Analyzing Wan Acceleration Workload
Last updated
Last updated
During both full and incremental job sessions, three metrics are displayed in the session data: Processed, Read and Transferred. To better understand the difference between direct data transfer and WAN accelerated mode, examine the Read and Transferred values:
Read — amount of data read from the production storage prior to applying any compression and deduplication. This is the amount of data that will be optimized by the WAN accelerator.
Transferred — amount of data written to the backup repository after applying compression and deduplication. This is the amount of data that will be processed by the backup copy job running in Direct Transfer mode (without WAN acceleration), assuming all VMs from the backup job are included in the backup copy job.
When analyzing a backup copy job you can see the same metrics in the job session Data: Processed, Read and Transferred.
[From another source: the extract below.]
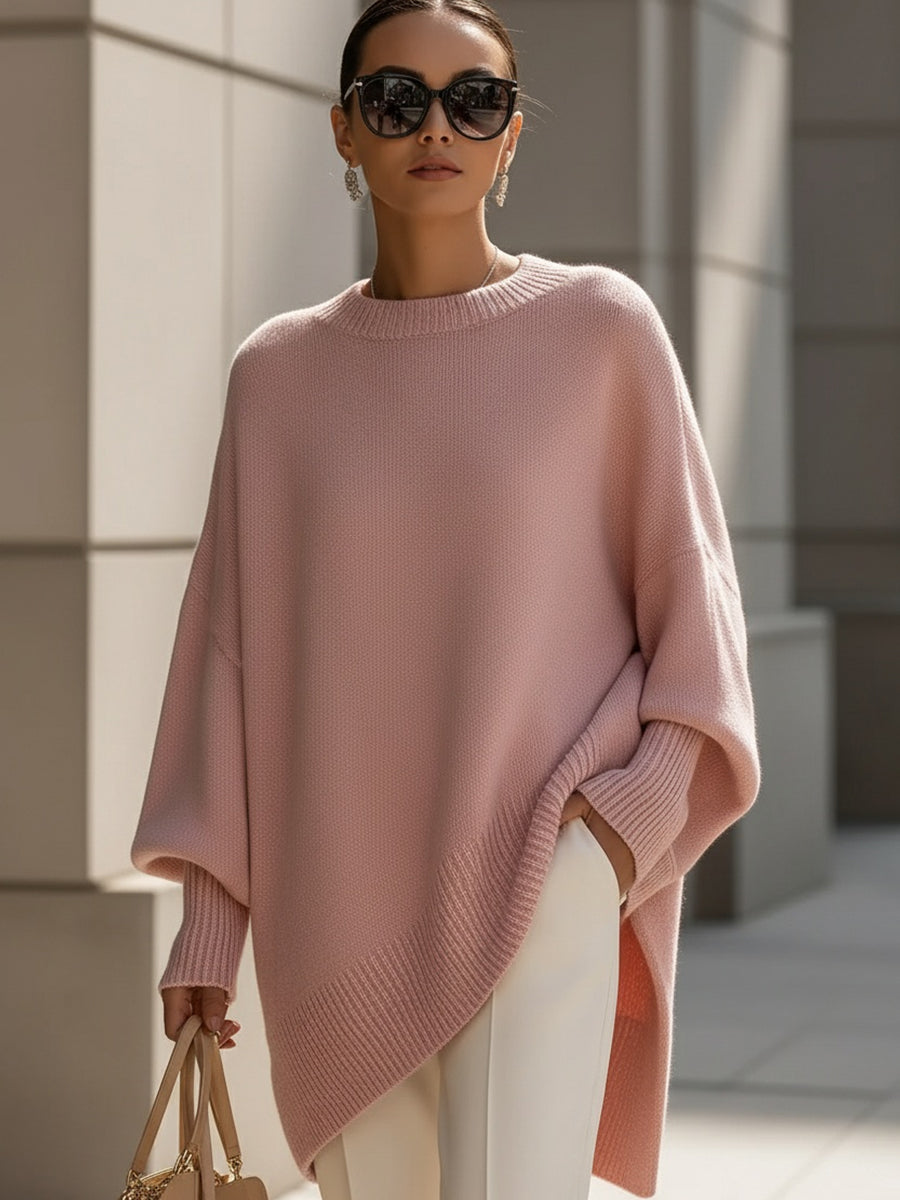 Women's Sweater with Soft Knit and Modern Cut - Pink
Comparing the backup copy job with WAN acceleration enabled and the backup job, it is possible to correlate the information in both outputs.
The amount of Processed blocks in the backup copy job session is equal to the amount of Read blocks in the backup job session. This is the most important metric, as it is the amount of data that has to be processed by the WAN accelerator.
The number of Read blocks for the backup copy job is typically higher than the amount of Processed - this is due to the backup copy job using a differing fingerprinting algorithm that works with a different block size compared to the fingerprinting algorithm and block size used by backup jobs that created the original backup file. For this reason, this metric can be ignored.
The amount of Transferred data is the amount of data actually transferred over the WAN link.